Over the course of 45 years, I was fortunate to be awarded multiple grants from the National Institutes of Health to help support my university-based biomedical research and training programs. Our research at UC Davis focused on a basic understanding of the complex molecular processes that cause specific genes to be turned on and off in response to natural biological signals.

Now, however, charges of fraud, corruption and waste are being rapidly leveled against our government agencies, including the NIH.

The recent assessment of the NIH by Elon Musk’s Department of Government Efficiency demonstrates a fundamental failure to understand how the NIH and universities work together to advance critically important biomedical research and training.

Opinion

It isn’t clear which university laboratory facility expense or initiative triggered the DOGE algorithms; nevertheless, the substantial budgetary cuts DOGE proposes would have crippling consequences for ongoing and future biomedical research.

Congress created the NIH more than a century ago. It has continuously appropriated funding for this agency in response to taxpayer demand for the health benefits that flow from biomedical research. Numerous NIH-funded investigators have been awarded national and international honors, and many have gone on to become Nobel Prize winners.

Decades of NIH-funded research has led to high impact medical advances, and selected examples include antiretroviral therapy for the long-term management of HIV/AIDS and immunotherapies initially developed to treat certain aggressive breast cancers that have now expanded to targeted treatments for a wide variety of human cancers.

I served on NIH review boards to evaluate research grant applications and recommend funding priorities. The process is carefully monitored, highly selective and merit-based. Only a relatively small number of grants are awarded.

In spite of the uncertainties intrinsic to exploratory scientific research, the majority of these funded programs are successful and produce highly valuable results.

I was privileged to train and supervise many talented UC Davis undergraduate and graduate students as well as postdoctoral fellows who joined the laboratory from other institutions. Our basic studies often led directly to clinical research applications.
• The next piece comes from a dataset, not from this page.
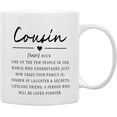 thumbnail image 1 of Cousin Definition Coffee Mugs Mug,CousinBirthday Christmas Wedding Gifts from Cousin,Inspirational CousinGift Double Side Printed Ceramic Mug Cup 11 Ounce, 1 of 4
Examples of our work include efforts focused on vaccine development and studies of abnormal changes in gene expression associated with human cancers, with the objective being to identify novel targets for cancer therapy and diagnostics. The UC Davis academic environment and programs like the UC Davis Medical Center Cancer Center, promoted these research collaborations.

The results of NIH-funded research are published in widely circulated peer-reviewed journals. These results are scrupulously studied and verified findings are incorporated into multiple independent research programs across the globe. The research is impactful, benefiting all aspect of our lives — from nutrition to treatment, cure and the prevention of disease.

Among government agencies, the NIH has earned a superb reputation for efficiency and public benefit. NIH funds numerous basic and clinical research programs, clinical trials for new treatments and a wide variety of healthcare outreach programs throughout our local communities and states.

Recipients of NIH funds include public and private universities, hospitals, medical centers and clinics. NIH-funded biomedical research provides the scientific foundation that guides development of novel medicines, therapies, diagnostic tests and vaccines by pharmaceutical and biotechnology companies.

Fellow scientists, health care professionals and all those who have benefited from healthcare initiatives supported by the NIH can help by speaking up and motivating elected officials to protect the NIH and its vital missions from the crippling budgetary cuts proposed by the Trump administration.

Public health is too important to be treated as a political pawn.

Michael J. Holland is a professor emeritus in the UC Davis School of Medicine’s Department of Biochemistry and Molecular Medicine.